C’est l’amour du gospel et de la soul music qui réunit ces artistes autour du negro spiritual d’aujourd’hui. Accompagnées d’un pianiste et d’une dizaine de choristes, elles feront vibrer l’enceinte du Prieuré, haut lieu de patrimoine.
Sandraline (Alto) Dès l’âge de 5 ans, elle joue du tambourin à l’église avec ses sœurs. Puis elle intègre la chorale de l'église pour ensuite créer son propre groupe de chant avec ses cousines et continue à animer le culte le dimanche. Sa voix s’est formée à l’écoute des grandes chanteuses contemporaines. Elle a du blues dans la voix et une énergie incroyable qu’elle distille en toute subtilité.

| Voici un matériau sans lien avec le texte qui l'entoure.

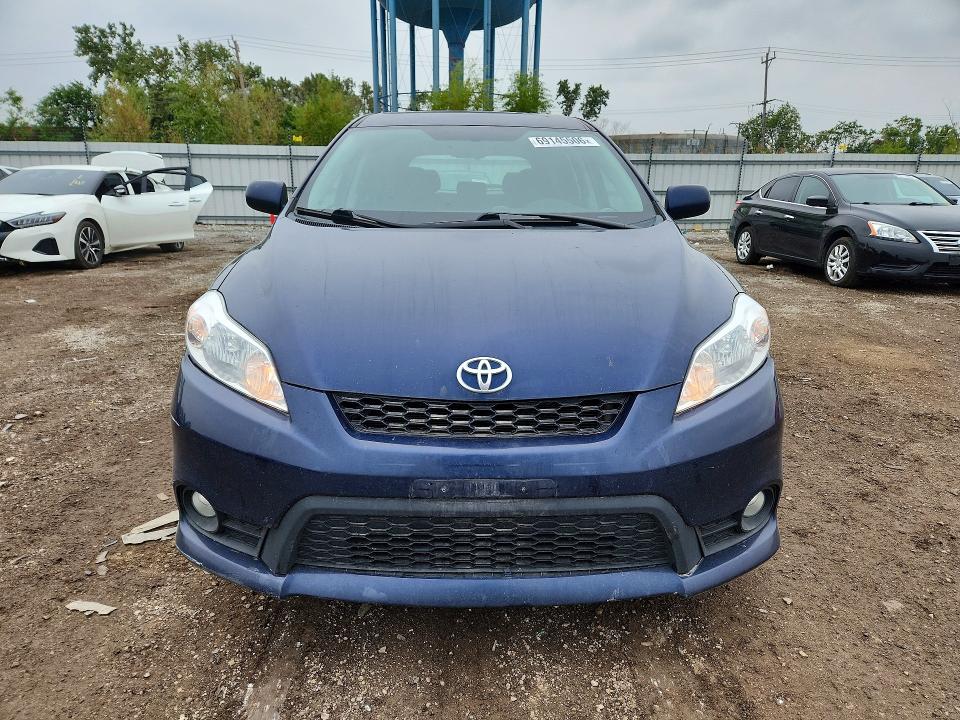 Photo 5 from auction – 2011 TOYOTA MATRIX with VIN 2T1KU4EE3BC675102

Tatyana (soprano) Une grande musicalité, une voix souple et vibrante, Tatyana dévoile une sagesse du coeur. Ses vibes teintées de soul et ses origines malgaches révèlent le métissage vocal et musical du New gospel.
Sandrine Roma, Garcia (mezzo-soprano) Comme un diamant brut taillé au fil du temps et des rencontres, Sand’ apporte sur scène chaleur et charisme. À l’origine du groupe, elle est l’élément fédérateur.